# How Can I Prepare for Aga Khan's Entry Test?



## Sheharyar Butt (Sep 17, 2012)

this is my last year with a-level and it means i should be worrying about entry tests and shit 
so i want to work my chances out and give it my best shot (for aga khan)

please help me out as in how to prepare for the test 
i dont think my english language or grammar is that good to take me through the test nor is my science reasoning skills 


please guide me how to prepare i.e resource books and stuff and what about chemistry physics biology and maths how do i prepare for that
is a levels is enough for it or do i have to study from some other courses as well and i have not opted maths in a-levels do i need to worry about anything if this is the case

please help me out people and save a life


----------



## Chachu (Mar 29, 2012)

Firstly, You're wayy ahead of your time. Prepare and give SAT1. Apply for both seats (open merit and SAT1)
If you have a score above 2200, then you're pretty much in.

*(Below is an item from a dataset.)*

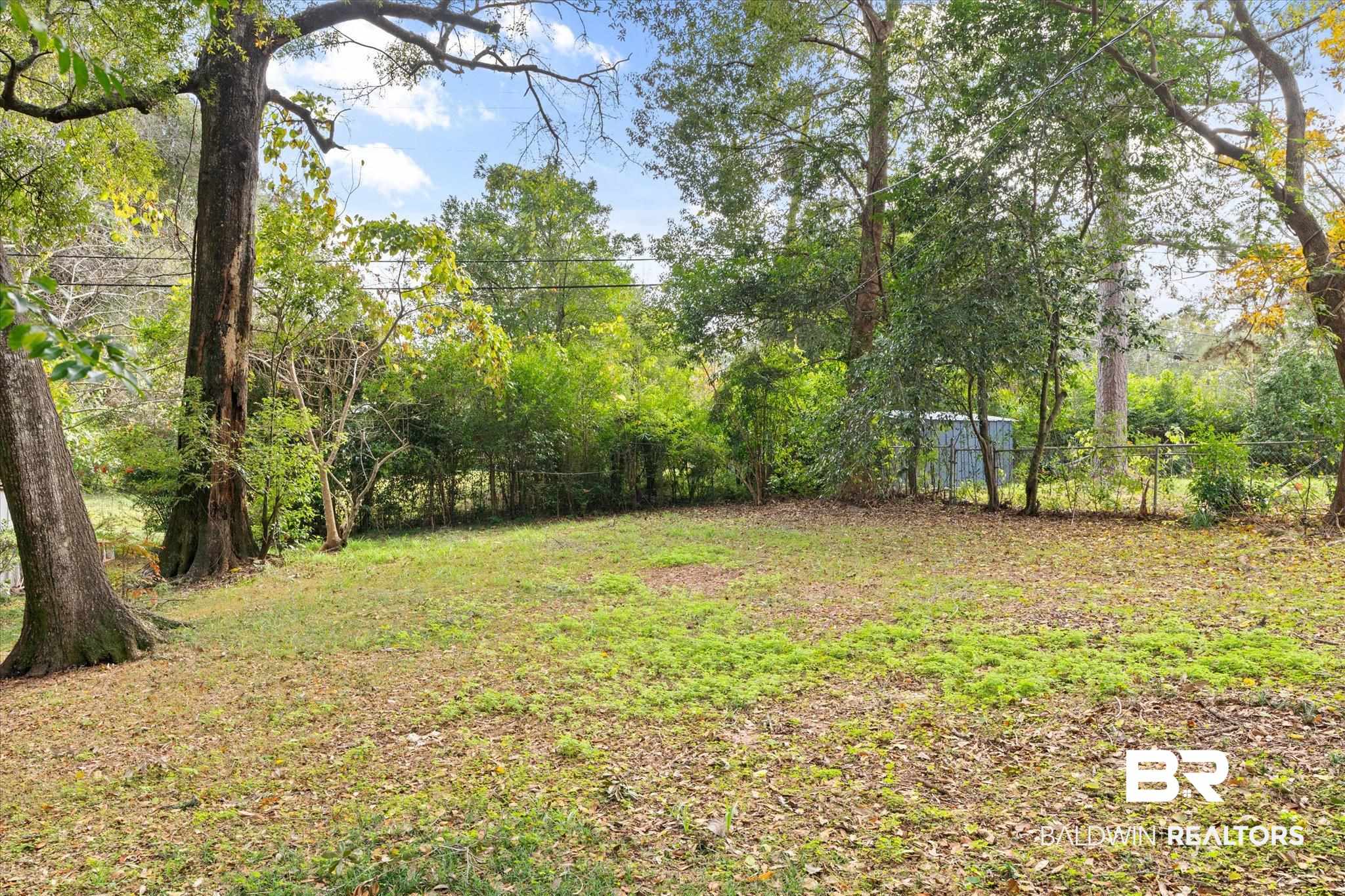 5113 Norton Lane Mobile, AL 36608 - Photo 18 of 20 View of yard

English is the main pain in these tests, you can prepare well by taking Bashir Abbasi's classes (very expensive). 
Paper contains a lot of F.Sc as well (it did in our time), you can prepare some from the SAT2 course. The test will take place somewhere around the start of March, so complete and prepare the A level syllabus beforehand. That's about all you can do in this time. You'll need to prepare for MCAT afterwards, but that'll take place at the end of the next year.
Good Luck


----------



## heartbreak (Jan 31, 2012)

'Keep Calm and Breathe'! There's still a lot of time buddy, just focus on A-Levels till then. And go through the SAT 2 courses online at sparknotes, they're pretty helpful. And you could do some topics from KhanAcademy as soon as Youtube gets back online.


----------



## Shahan Khan (Aug 27, 2012)

First of all I agree that yes you have enough time. Ok English is not that hard all you need to have is a good understanding and writing skills. Yes vocabulary matters but your good writing skills can cover it up. Dont join any academy for english it will be a waste of money try to do comprehension passages, essays especially argumentative type and most important thing is your speed because that matters a lot. I had a B in O'levels english but I managed to score 66% in aku english test and their passing parentage was 55% so I cleared it.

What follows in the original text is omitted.